In public comments made in recent weeks, the United States special envoy to Sudan, Andrew Natsios has called southern Sudan a potential breadbasket for Africa. He’s also expressed confidence in the ability of the south to control corruption.
Southern Sudan emerged in 2005 from a two-decade war that had pitted the Sudan People’s Liberation Movement/Army (SPLM/A) against the northern government of Sudan in Khartoum. According to human rights groups, the conflict killed more than 2 million people, and left hundreds of thousands displaced.
Natsios said in Washington DC recently that southern Sudan’s leaders were struggling to implement good governance practices, and that there appeared to be substance to allegations that some donor funds that had been allocated to development in the region had been misappropriated.

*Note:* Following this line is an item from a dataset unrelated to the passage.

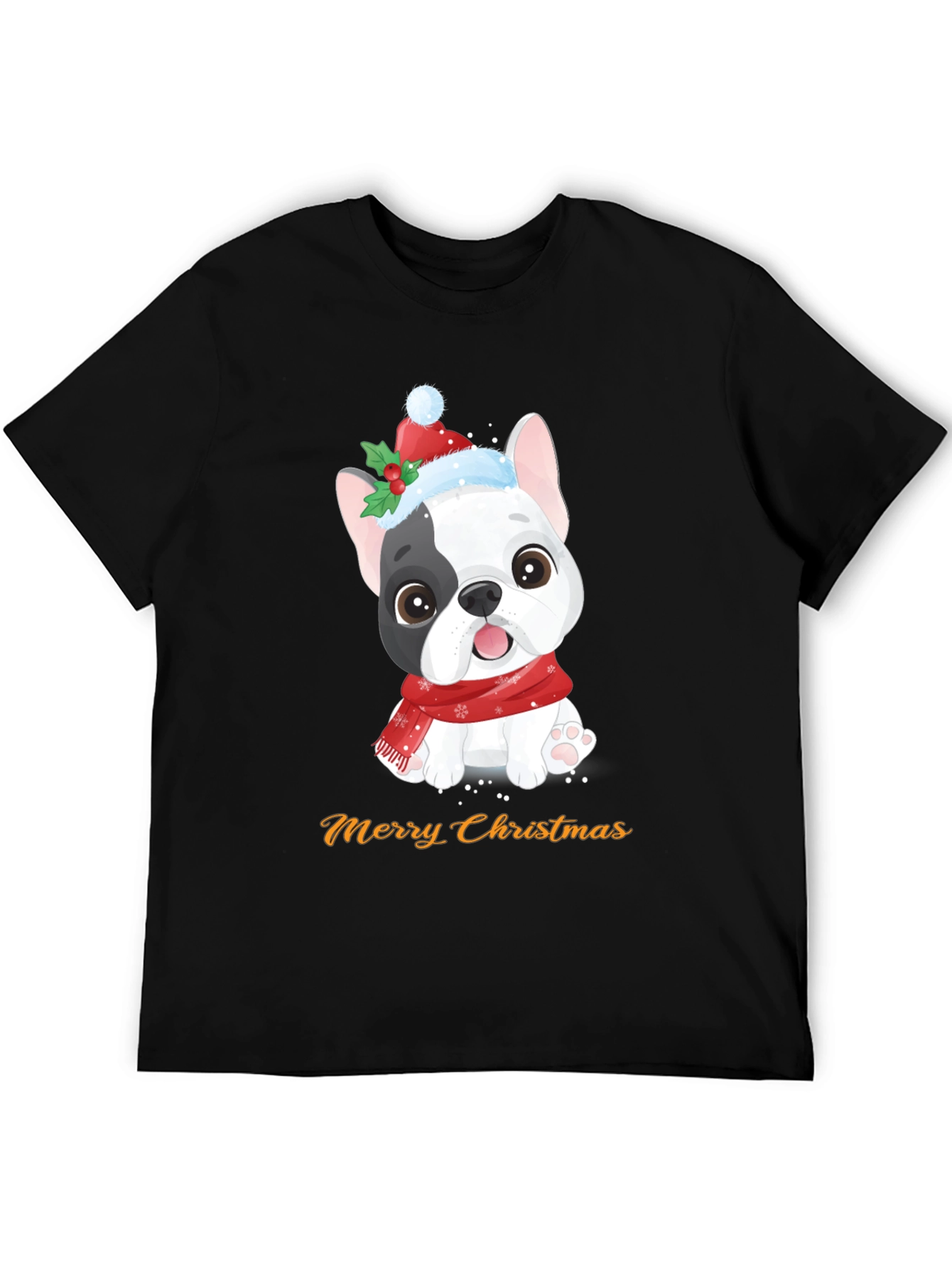 Christmas Puppy T-Shirt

“Are there people who’ve tried to enrich themselves? There appears to be some evidence of that,” Natsios said, before qualifying his statement by saying that the corruption that had happened in the south was not “wide-scale” and that it could be dealt with rapidly by putting the necessary “systems” and “institutions” in place. He revealed that the leadership of southern Sudan had requested “technical help” from the international community to launch a fight against graft.
“Corruption is a problem in many developing countries where a lot of money is moving through the system, and the systems aren’t there to control abuse,” Natsios added. “I know many of the southern leaders; I’ve known them for many years. I believe that they care about their people. You know, some countries I go to - there’s a kleptocracy; the elites are rapacious, corrupt and predatory. That is not true in southern Sudan.”
The envoy lauded Sudan’s Vice-President and SPLM/A leader, Salva Kiir, as a “man of integrity”. It was ironic, Natsios said, that President Omar al-Bashir’s government in the north was using the allegations and “rumors” of graft in the south to regularly attack the SPLM administration – yet the Khartoum administration was itself ranked by international anti-graft groups as one of the most corrupt in the world.
Natsios remained optimistic that southern Sudan would in the future emerge as an area of great economic importance to Africa.
“The biggest thing that’s changed for the south is that all the food prices are dropping in the cities because there’s no war. And the merchants are pouring in from Nairobi and Uganda. There were only a hundred businesses in Yei (one of the most important towns in southern Sudan) when I visited there five years ago. Four years later, there are 1 800 small businesses. People in the south are very entrepreneurial.”
While the envoy attached great importance to the development of health and education in southern Sudan, he emphasized that the greatest priority for the region should be the building of roads.
“We’re finding out that the roads system is most important, because that is what’s causing the economy to begin to boom now,” Natsios enthused. “It’s one of the richest agricultural areas in Africa! Southern Sudan could feed all of Africa. Its extremely rich soils; there are 10 or 20 million … head of cattle in the south.”
With most people in southern Sudan being farmers or herders, agriculture is of primary importance to the area. Natsios was convinced that, with the introduction of modern agricultural technology, southern Sudan would one day be transformed from a place of perennial famine, to a continental breadbasket.